(TASK TO COMPLETE): Stop at the line that contains "Honglin Niñas Talla". Until then, set down each line of the records exactly, beginning with the first, and skip pictures.
┏━━
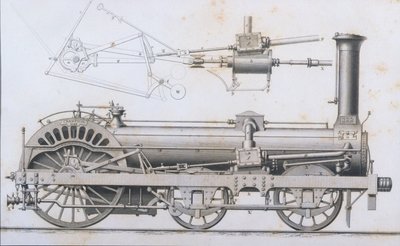 Cramptons spoorweg locomotief stoommachine uit Cyclopaedia of Useful Arts & Manufactures, bewerkt door Charles Tomlinson, ca. 1880s door English School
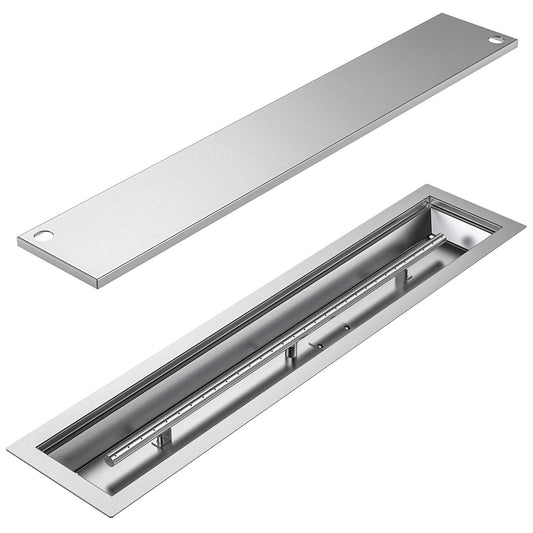 Skyflame Linear Stainless Steel Drop-in Fire Pit Pan and Burner with Burner Cover, 42 by 6-Inch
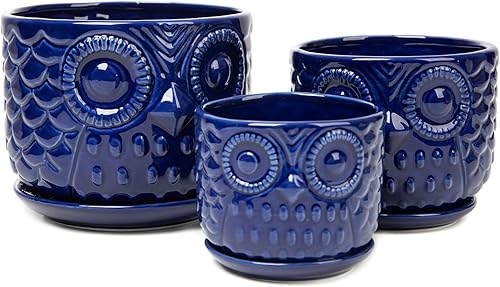 Miniatura 9 de Nattol Macetas de cerámica con platillos, modernas macetas redondas de cerámica con textura de rayas blancas, tamaño pequeño a mediano, juego de 3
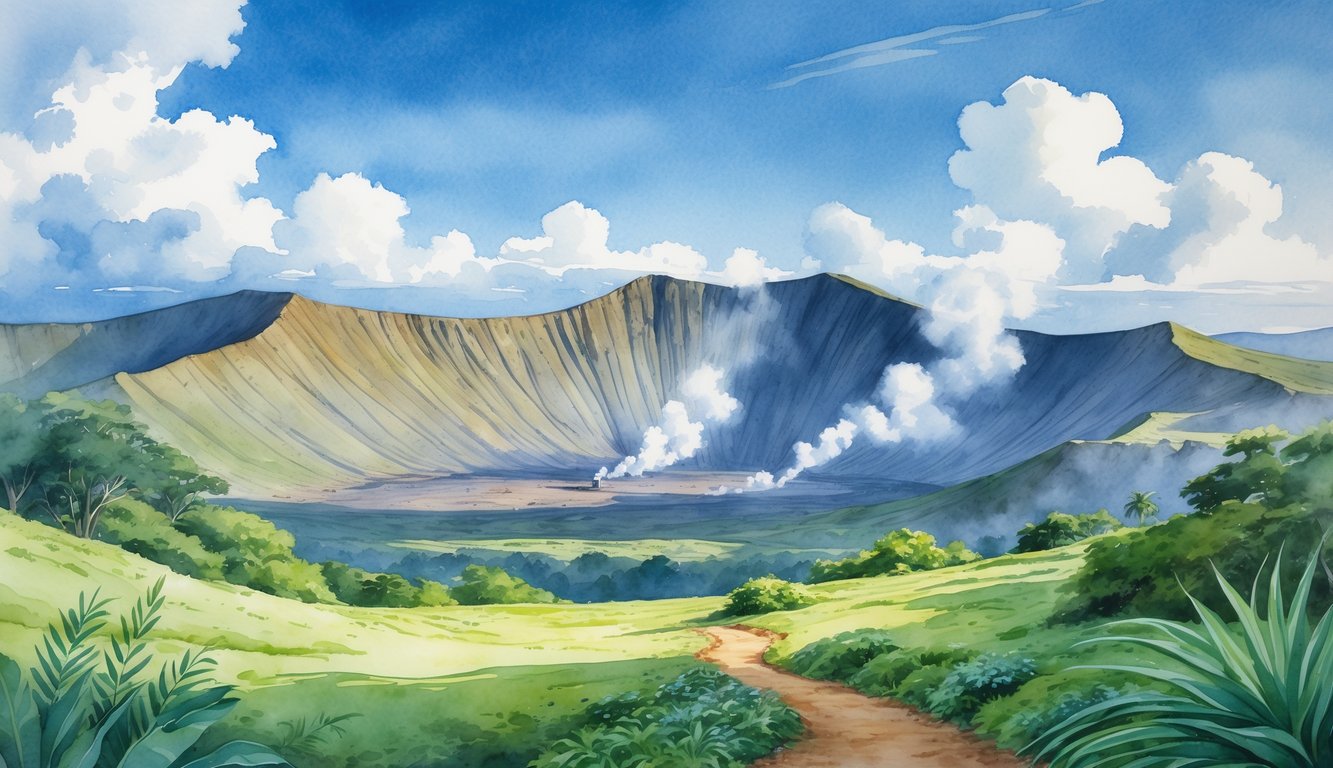 A peaceful view of Mauna Loa volcano with green plants, a winding trail, and steam rising from the crater under a blue sky with clouds.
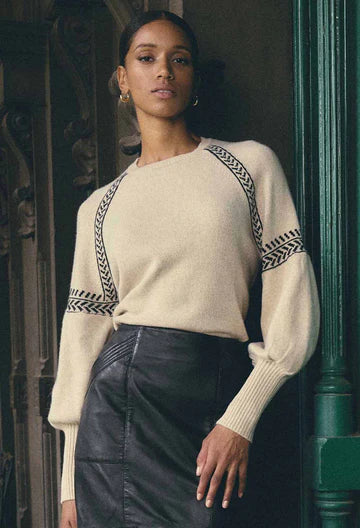 LUNA MERINO WOOL KNIT TOP in Blanca from Oncewas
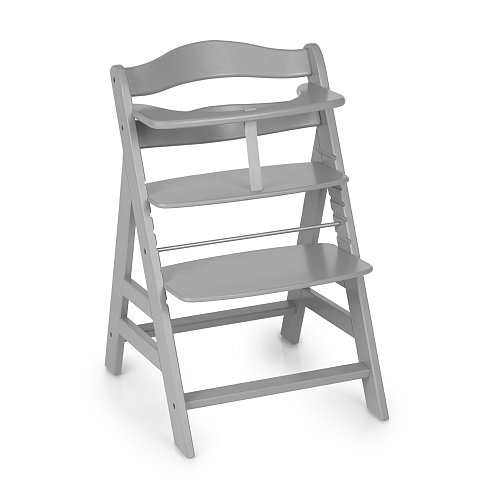 Hauck Alpha+ Traditioneller Hochstuhl Harter Sitz Grau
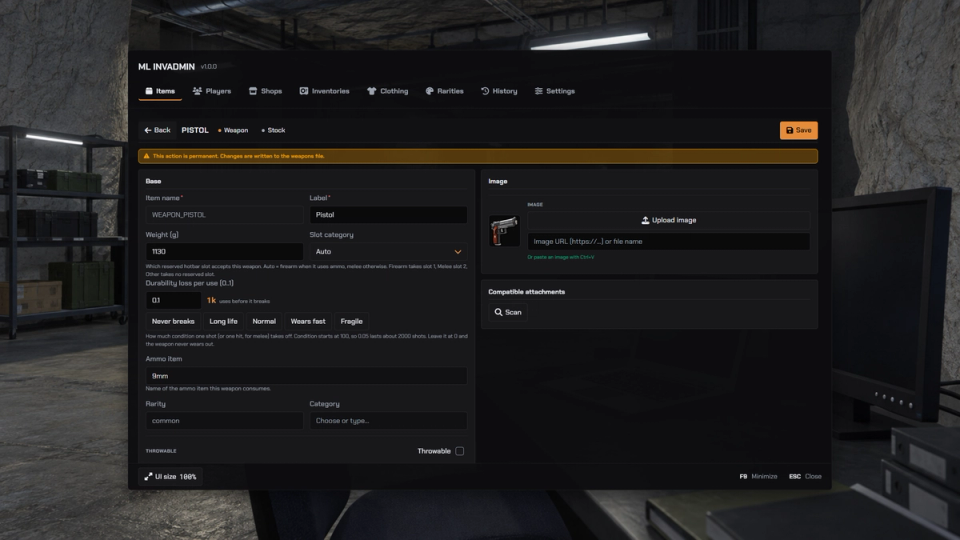 Weapon & Ammo Admin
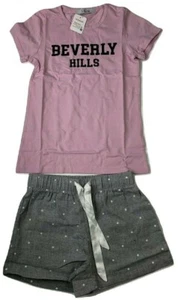 Honglin Niñas Talla S "Beverly Hills" Camiseta y Pantalones Cortos Rosa y Gris Lunares Nuevo con Etiquetas - Imagen 1 de 9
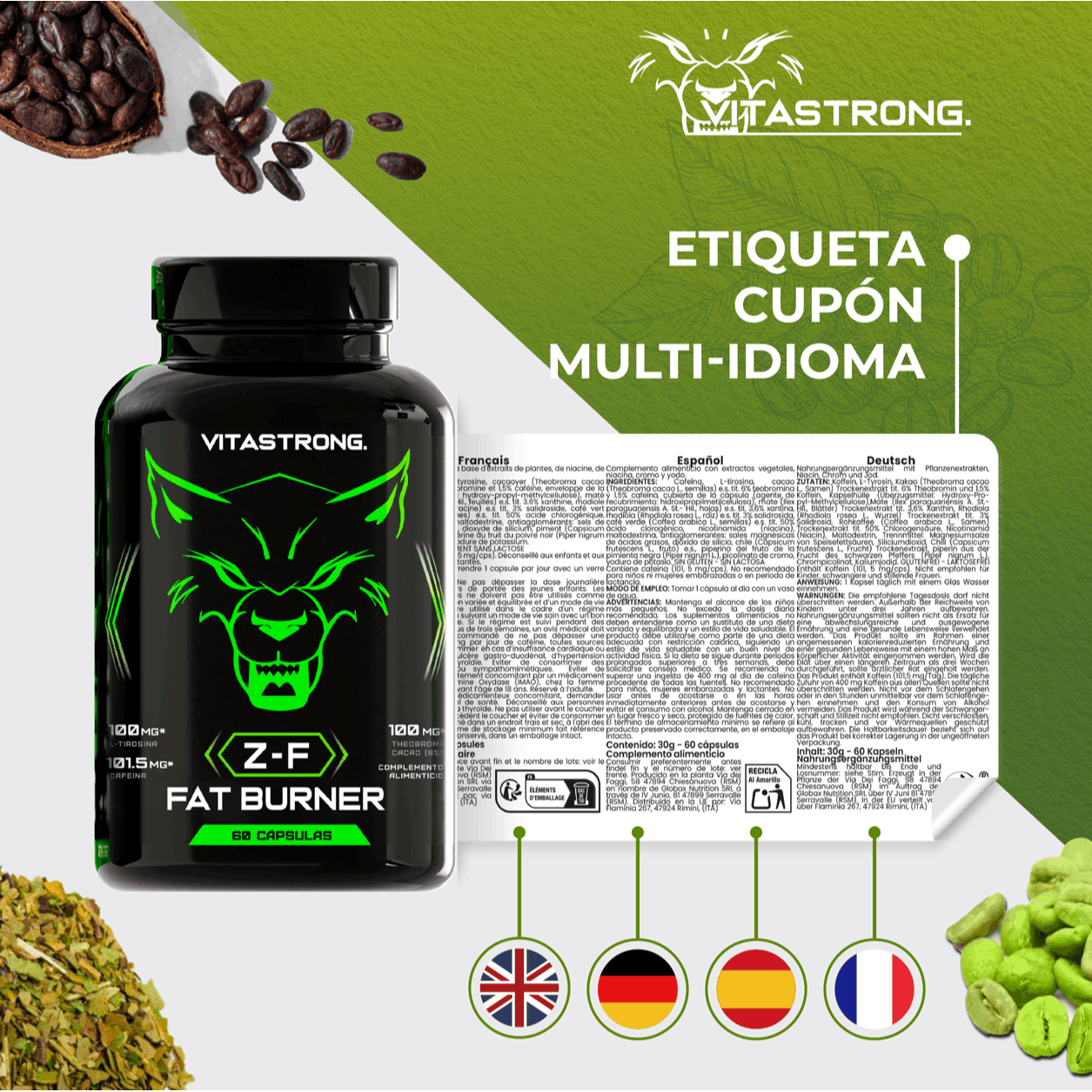 Fat Burner Z-F Vitastrong, Powerful Fat Burner for Men & Women, Thermogenic with Plant Extracts, Vitamins & Minerals, Rhodiola Rosea, Chromium Picolinate, Caffeine, Capsicum, Iodine, Pure Vitamin B3 Niacin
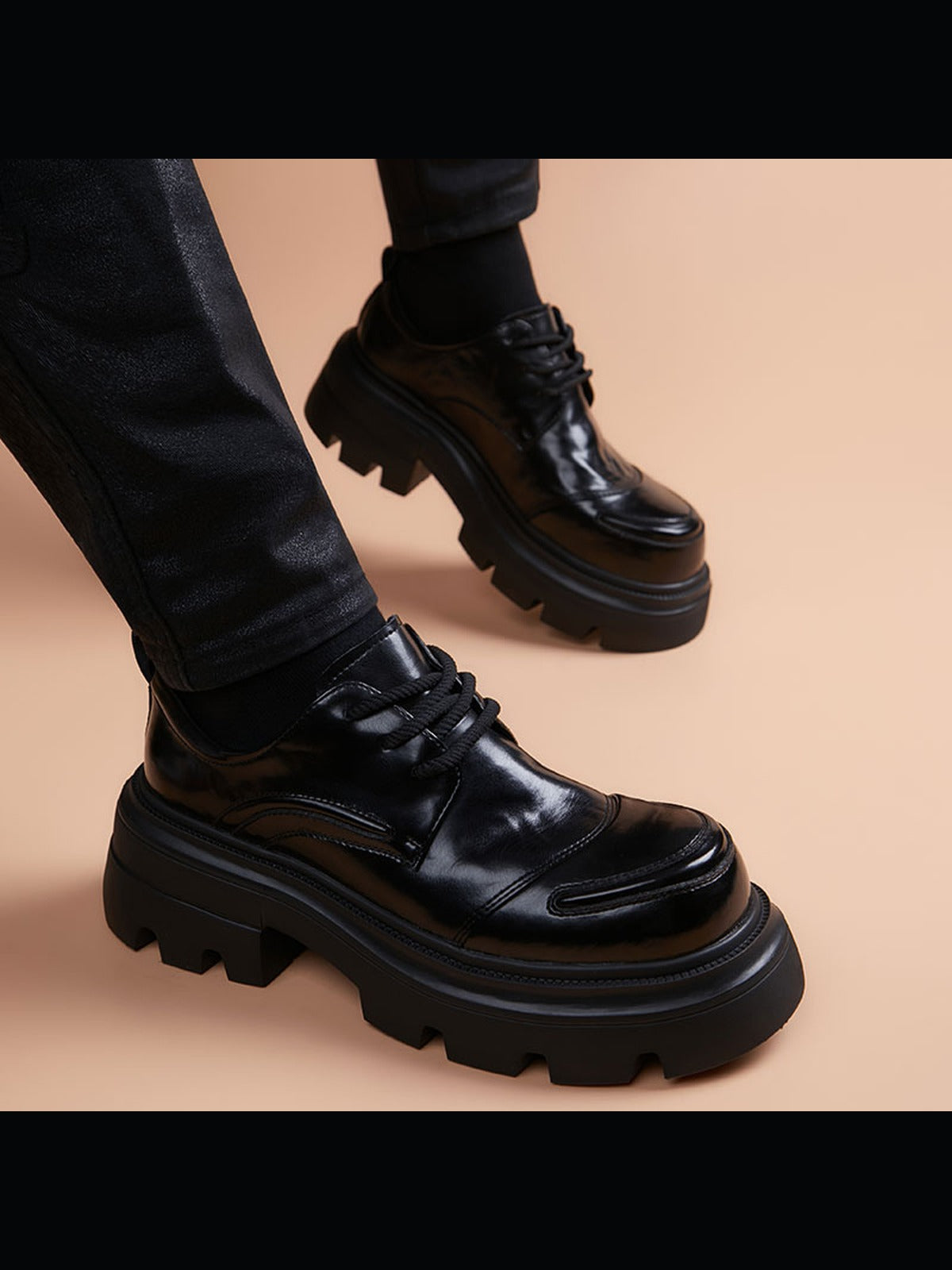 Black handcrafted genuine leather shoes - color image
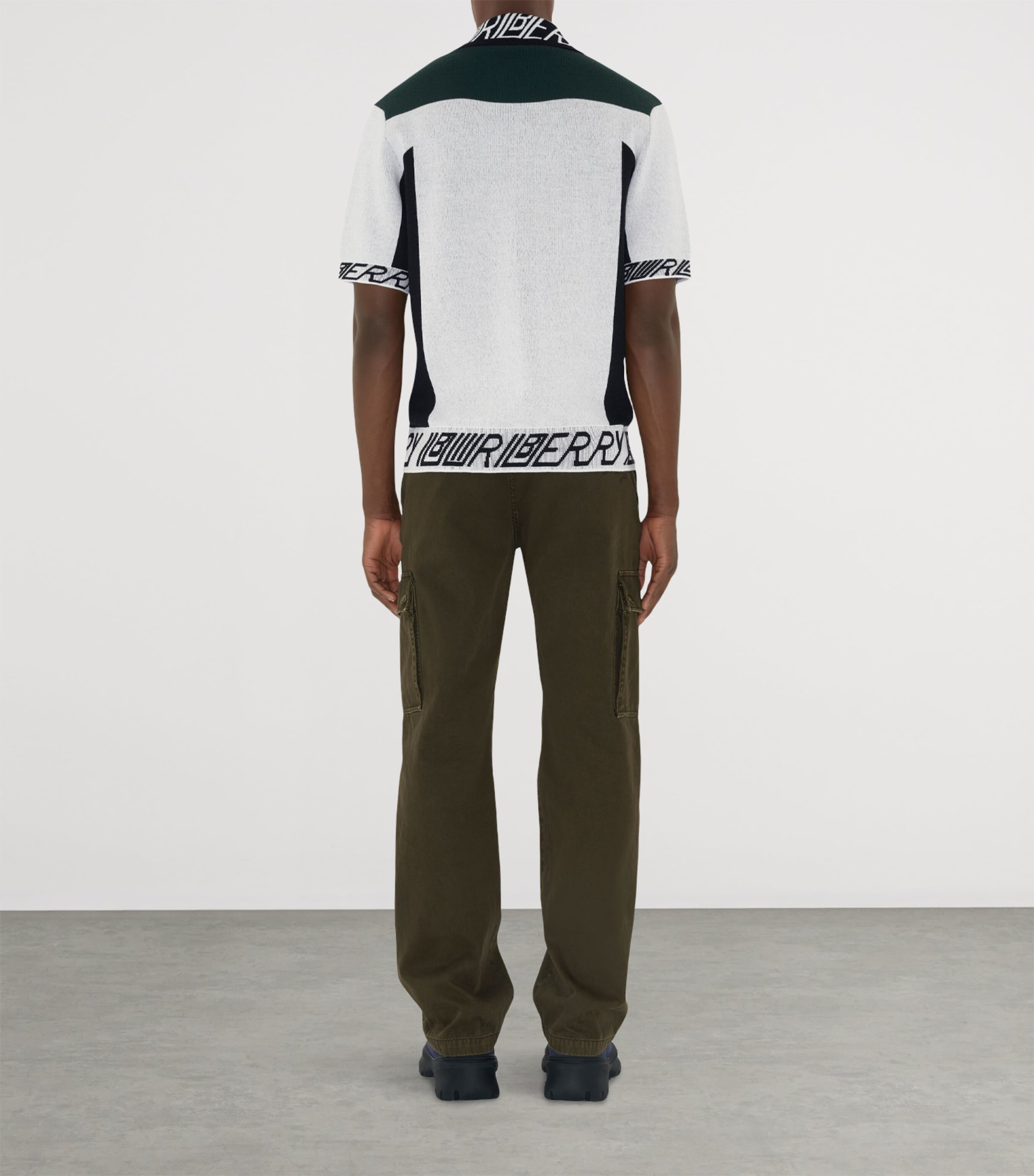 Wool Colour-Block Polo Shirt WHITE/BLACK/GREEN Image 4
┗━━
(RESPONSE AREA):
 Cramptons spoorweg locomotief stoommachine uit Cyclopaedia of Useful Arts & Manufactures, bewerkt door Charles Tomlinson, ca. 1880s door English School
 Skyflame Linear Stainless Steel Drop-in Fire Pit Pan and Burner with Burner Cover, 42 by 6-Inch
 Miniatura 9 de Nattol Macetas de cerámica con platillos, modernas macetas redondas de cerámica con textura de rayas blancas, tamaño pequeño a mediano, juego de 3
 A peaceful view of Mauna Loa volcano with green plants, a winding trail, and steam rising from the crater under a blue sky with clouds.
 LUNA MERINO WOOL KNIT TOP in Blanca from Oncewas
 Hauck Alpha+ Traditioneller Hochstuhl Harter Sitz Grau
 Weapon & Ammo Admin
 Honglin Niñas Talla S "Beverly Hills" Camiseta y Pantalones Cortos Rosa y Gris Lunares Nuevo con Etiquetas - Imagen 1 de 9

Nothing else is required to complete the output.